Dana untuk korban bencana di Nusa Tenggara Timur (NTT) itu merupakan hasil penggalangan dana para aktvis PMII Rayon Mandilaras berkolaborasi dengan PMII komisriat STAIN Majene.
Moh. Nadir, Ketua Rayon PMII Mandilaras komisariat IAIN Madura, itu mengatakan, penggalangan dana dilakukan selama empat hari di beberapa titik di Pamekasan.
“Tadi kita menyerahkan bantuan uang tunai kepada LAZISNU yang didapat dari hasil galang dana. Selama empat hari kita mencapai 10 Juta, lima juta kita gunakan santunan kepada anak yatim dan kaum duafa di sekretariat rayon, lima jutanya kita salurkan ke LAZISNU,” tegas Nadir.
Nadir menambahkan, sisa uang lima juta hasil penggalangan dana mendapat tambahan dari PMII Komisriat Majene sebesar tujuh juta yang ditransfer langsung oleh Rusmiyati, Ketua komisriat STAIN Majene, hingga akhirnya mencapai 12 juta.
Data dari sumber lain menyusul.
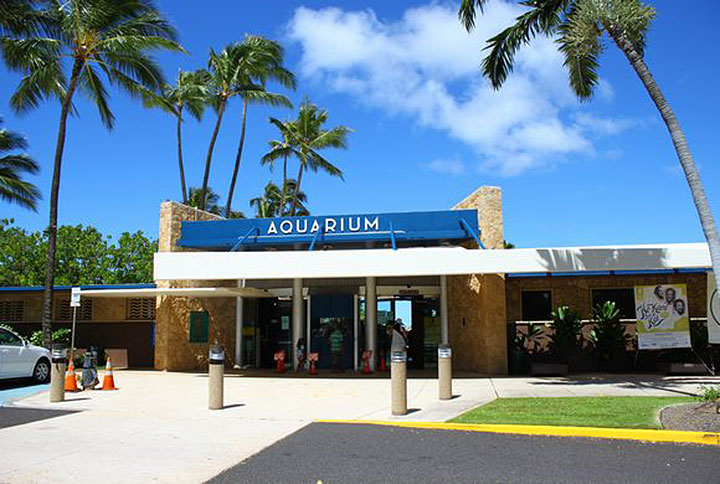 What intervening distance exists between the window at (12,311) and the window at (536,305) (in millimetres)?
18381

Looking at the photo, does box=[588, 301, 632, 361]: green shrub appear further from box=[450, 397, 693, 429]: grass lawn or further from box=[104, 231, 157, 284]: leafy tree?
box=[104, 231, 157, 284]: leafy tree

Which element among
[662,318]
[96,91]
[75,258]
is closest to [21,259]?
[75,258]

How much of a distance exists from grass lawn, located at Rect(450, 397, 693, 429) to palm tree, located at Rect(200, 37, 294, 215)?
2524cm

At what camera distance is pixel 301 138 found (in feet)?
134

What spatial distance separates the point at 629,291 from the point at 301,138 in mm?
25458

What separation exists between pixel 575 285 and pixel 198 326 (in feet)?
39.6

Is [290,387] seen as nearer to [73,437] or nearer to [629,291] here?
[73,437]

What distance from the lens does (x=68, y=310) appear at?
80.0ft

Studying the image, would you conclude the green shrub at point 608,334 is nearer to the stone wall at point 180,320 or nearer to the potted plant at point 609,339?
the potted plant at point 609,339

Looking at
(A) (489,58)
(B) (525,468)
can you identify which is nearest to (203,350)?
(A) (489,58)

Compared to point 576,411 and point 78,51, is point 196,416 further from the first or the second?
point 78,51

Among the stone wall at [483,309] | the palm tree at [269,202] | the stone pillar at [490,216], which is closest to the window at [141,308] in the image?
the stone wall at [483,309]

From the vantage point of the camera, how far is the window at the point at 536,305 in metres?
19.9

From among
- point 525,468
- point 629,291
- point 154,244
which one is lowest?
point 525,468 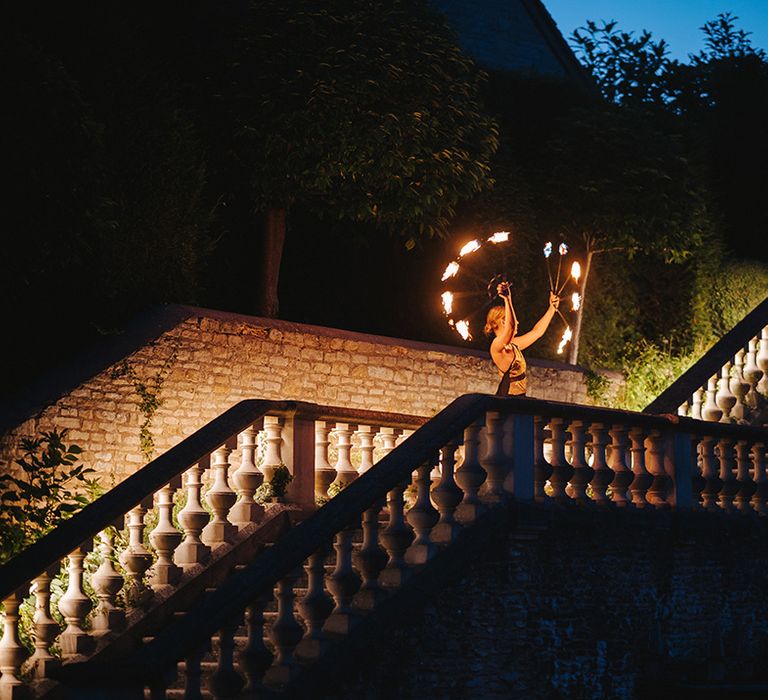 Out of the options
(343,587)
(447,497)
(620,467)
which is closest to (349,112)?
(620,467)

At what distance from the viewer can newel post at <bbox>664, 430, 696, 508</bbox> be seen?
355 inches

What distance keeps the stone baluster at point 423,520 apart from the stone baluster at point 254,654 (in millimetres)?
1024

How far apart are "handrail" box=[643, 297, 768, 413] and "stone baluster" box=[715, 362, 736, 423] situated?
98mm


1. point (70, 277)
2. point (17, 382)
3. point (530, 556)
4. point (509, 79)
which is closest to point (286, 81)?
point (70, 277)

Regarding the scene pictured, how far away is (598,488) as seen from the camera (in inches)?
336

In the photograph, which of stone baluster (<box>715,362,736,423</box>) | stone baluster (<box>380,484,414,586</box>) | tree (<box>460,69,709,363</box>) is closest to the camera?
stone baluster (<box>380,484,414,586</box>)

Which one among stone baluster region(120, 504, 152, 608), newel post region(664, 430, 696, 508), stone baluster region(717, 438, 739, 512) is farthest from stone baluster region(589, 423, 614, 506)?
stone baluster region(120, 504, 152, 608)

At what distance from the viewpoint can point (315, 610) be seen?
7.07 m

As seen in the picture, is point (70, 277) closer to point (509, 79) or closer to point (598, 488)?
point (598, 488)

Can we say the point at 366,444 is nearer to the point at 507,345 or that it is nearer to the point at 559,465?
the point at 559,465

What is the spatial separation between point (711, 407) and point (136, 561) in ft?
14.5

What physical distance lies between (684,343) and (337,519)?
12.4 metres

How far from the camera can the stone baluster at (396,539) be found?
7453mm

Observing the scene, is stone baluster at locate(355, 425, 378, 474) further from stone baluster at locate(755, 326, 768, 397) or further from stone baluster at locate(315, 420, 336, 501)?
stone baluster at locate(755, 326, 768, 397) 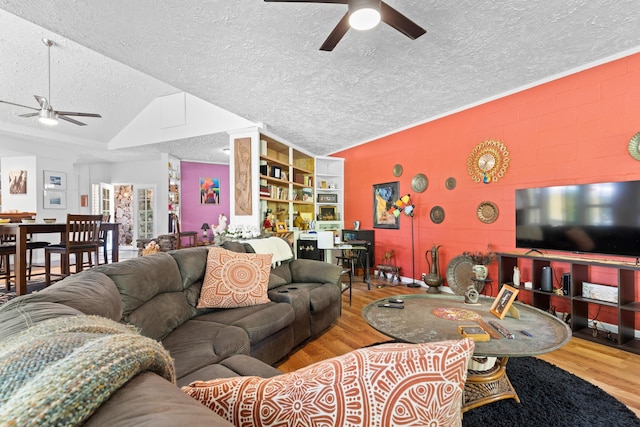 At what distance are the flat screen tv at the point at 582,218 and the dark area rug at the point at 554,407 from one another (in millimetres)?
1439

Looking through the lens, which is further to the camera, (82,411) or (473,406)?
(473,406)

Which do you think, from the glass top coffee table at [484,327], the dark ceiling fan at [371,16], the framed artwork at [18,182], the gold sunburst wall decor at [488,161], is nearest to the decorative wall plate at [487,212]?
the gold sunburst wall decor at [488,161]

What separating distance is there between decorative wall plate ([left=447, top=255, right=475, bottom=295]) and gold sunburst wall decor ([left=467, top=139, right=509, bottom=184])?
1115mm

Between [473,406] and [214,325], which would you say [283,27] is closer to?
[214,325]

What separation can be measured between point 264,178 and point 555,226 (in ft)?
12.5

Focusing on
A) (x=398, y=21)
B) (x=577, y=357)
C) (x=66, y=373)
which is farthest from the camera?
(x=577, y=357)

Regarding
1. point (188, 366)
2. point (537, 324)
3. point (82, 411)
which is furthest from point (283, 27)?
point (537, 324)

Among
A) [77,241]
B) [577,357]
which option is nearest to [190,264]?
[77,241]

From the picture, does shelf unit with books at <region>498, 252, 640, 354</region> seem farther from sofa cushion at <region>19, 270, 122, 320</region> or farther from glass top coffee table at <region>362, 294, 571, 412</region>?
sofa cushion at <region>19, 270, 122, 320</region>

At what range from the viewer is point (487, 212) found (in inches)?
152

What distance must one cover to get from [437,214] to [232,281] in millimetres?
3427

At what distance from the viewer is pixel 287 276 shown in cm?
318

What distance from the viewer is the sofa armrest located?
3.10 m

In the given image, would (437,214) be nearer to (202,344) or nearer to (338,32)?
(338,32) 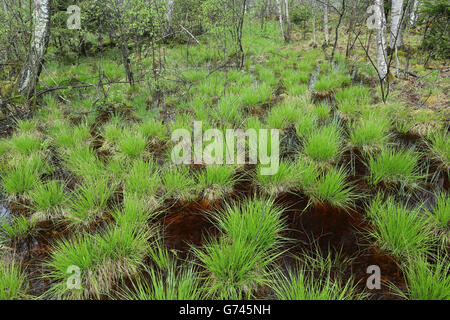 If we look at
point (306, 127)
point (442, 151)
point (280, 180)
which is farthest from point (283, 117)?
point (442, 151)

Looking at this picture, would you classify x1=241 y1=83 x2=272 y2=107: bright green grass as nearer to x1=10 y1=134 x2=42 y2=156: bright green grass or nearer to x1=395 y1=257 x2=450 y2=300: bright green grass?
x1=10 y1=134 x2=42 y2=156: bright green grass

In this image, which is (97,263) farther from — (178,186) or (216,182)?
(216,182)

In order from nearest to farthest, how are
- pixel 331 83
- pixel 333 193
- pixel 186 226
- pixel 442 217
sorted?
1. pixel 442 217
2. pixel 186 226
3. pixel 333 193
4. pixel 331 83

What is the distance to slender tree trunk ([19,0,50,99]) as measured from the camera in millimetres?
4871

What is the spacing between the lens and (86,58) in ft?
32.6

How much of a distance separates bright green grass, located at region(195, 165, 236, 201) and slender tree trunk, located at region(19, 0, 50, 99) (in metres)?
4.55

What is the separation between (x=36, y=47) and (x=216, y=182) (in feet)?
18.0

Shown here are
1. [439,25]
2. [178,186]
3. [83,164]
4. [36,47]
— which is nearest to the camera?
[178,186]

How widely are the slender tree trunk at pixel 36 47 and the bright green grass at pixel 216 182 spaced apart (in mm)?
4551

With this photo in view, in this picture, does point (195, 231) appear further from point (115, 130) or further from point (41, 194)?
point (115, 130)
Ia menyampaikan terima kasih kepada semua pihak yang terlibat dalam mengumpulkan dana jutaan itu utamanya kepada anggota, pengurus PMII Rayon Mandilaras dan PMII komisriat STAIN Majene.
Penyerahan bantuan dana untuk kemanusiaan itu diterima langsung oleh Ketua LAZISNU Pamekasan, KH. Mahrus Sofi, dan disaksikan oleh KH. Ihyauddin Yasin, Wakil Ketua PCNU Pamekasan.
“Terimakasih PMII Rayon Mandilaras telah mengumpulkan bantuan ini, dan mempercayai LAZISNU dalam menyalurkan dana tunai ini,” tutur Kiai Mahrus.
Pihaknya berkomitmen akan menyampaikan langsung dana yang dikumpulkan oleh aktivis PMII rayon Mandilaras.